4. It is submitted by the counsel for the petitioner that once the

petitioner was acquitted in a criminal case, therefore it would not amount to any disqualification for consideration of his candidature in Police Department. It is further submitted that while deciding the representation, the respondents have not considered the merits of the criminal cases as well as the antecedents of the petitioner and therefore, the impugned order suffers from infirmity. To buttress his contentions, the counsel for the petitioner has relied upon the judgment passed by the Supreme Court in the case of Mohammed Imran Vs. State of Maharashtra and Others decided on 12/10/2018 in Civil Appeal No.10571 of 2018 (arising out of SLP(C) No.6599 of 2018), the orders passed by the co-ordinate Bench of this Court in the case of Brij Kishor Sharma Vs. The State of Madhya Pradesh and others decided on 26/07/2019 in Writ Petition No.4020/2017 and in the case of Ratnesh Kumar Singh @ Ratnesh Vs. The State of Madhya Pradesh and others decided on 29/09/2022 in Writ Petition No.1203/2018.

5. Per contra, the counsel for the State has supported the order passed by the respondents. It is submitted that the petitioner was not awarded honourable acquittal but in fact he was acquitted on the basis of compromise, which cannot be said to be an honourable acquittal. Even otherwise, the employer is entitled to consider the suitability of the candidates and looking to the duties attached to the police Constable, the incumbent must have impeccable character. Since the petitioner had criminal background, therefore his candidature was rightly rejected.

6. Heard the learned counsel for the parties.
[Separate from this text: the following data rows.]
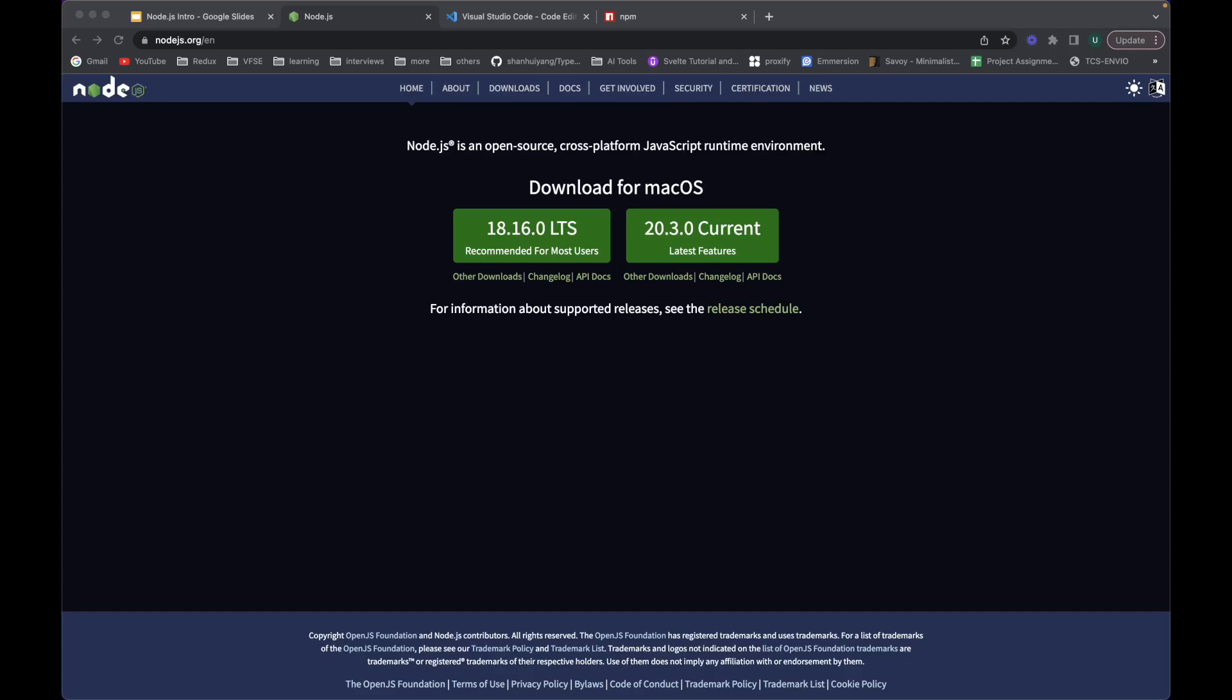Hi guys, this is Umayyad back with another video. This is actually a crash course or you can say a bootcamp on Node.js. So I'll be creating a lot of videos talking about Node, its core features, its built-in as well as its third-party packages.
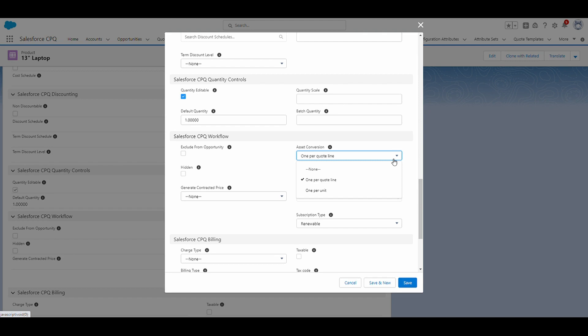I know this might seem confusing right now, but after I'm done explaining these three values, I'm actually going to show you what it looks like after the assets converted for each of these two options.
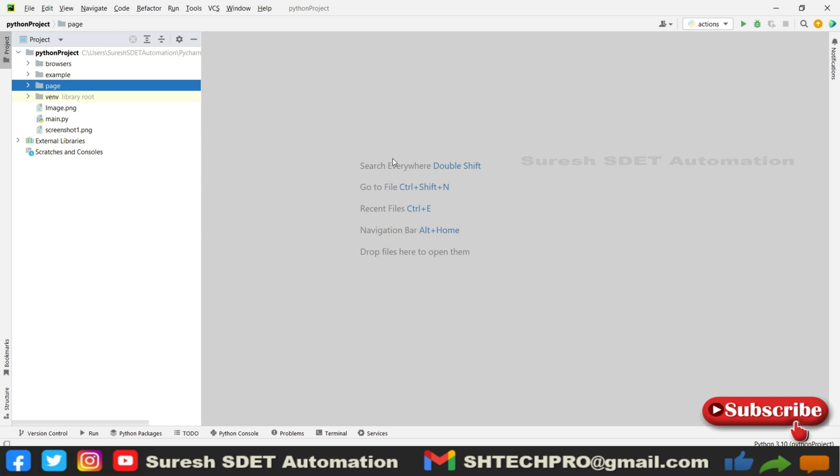Hello everyone, welcome you all. This is Suresh from SDET Automation channel. Today in this session we're going to discuss mouse actions using Selenium Python and see how we can interact with mouse actions on a website.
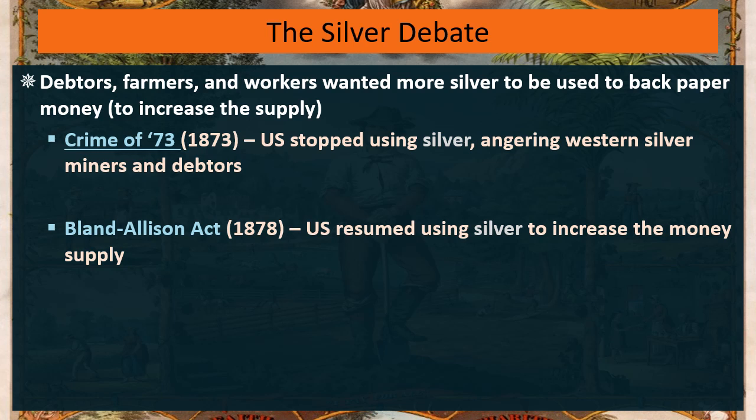In 1878, the United States government resumed using silver, so temporarily more money was put into the U.S. money supply, and debtors were pleased — more money in circulation.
7. The petitioner has filed a copy of judgment dated 06/11/2012

passed by JMFC, Betul in Criminal Case No.1325/2006.

8. Dinesh (PW-1) has stated that in the year 2004, Rajesh had extended threat and thereafter 8-10 persons came to his house and he was beaten by belt and his wife and son were also beaten.

9. Kamni (PW-2) had alleged that the accused persons had extended threat but it was not specifically alleged that the petitioner or any other accused had given the said threat.

10. Further, the report allegedly lodged by the witnesses with regard to the aforesaid threat was not produced and in the FIR (Ex.P-1) there was no such mention of such incident. Furthermore, Kamni (PW-2) had alleged that Akhilesh had come with 8-10 persons. Akansha and Anil were not examined as witnesses.

11. In paragraph 18 of the judgment, the Trial Court has specifically stated that Dinesh (PW-1) and Kamni (PW-2) have not stated anything about the presence of the petitioner on the spot. Thus, it is clear that the witnesses had turned hostile on the question of identity. Under these circumstances, the petitioner was acquitted by giving the advantage of benefit of doubt. Thus, it is clear that in fact the petitioner was acquitted for the reason that the witnesses have turned hostile.

12. Now the moot question for consideration is as to whether such acquittal can be said to be an honourable acquittal thereby making the petitioner eligible for consideration of his case for appointment.

13. The Supreme Court in the case of State of Rajasthan and Others Vs. Love Kush Meena reported in (2021) 8 SCC 774 has held as under:-

"25. We may also notice this is a clear case where the endeavour was to settle the dispute, albeit not with the job in mind. This is obvious from the recital in the judgment of the trial court

that the compoundable offences were first compounded during trial but since the offence under Sections 302/34 IPC could not be compounded, the trial court continued and qua those offences the witnesses turned hostile. We are of the view that this can hardly fall under the category of a clean acquittal and the Judge was thus right in using the terminology of benefit of doubt in respect of such acquittal."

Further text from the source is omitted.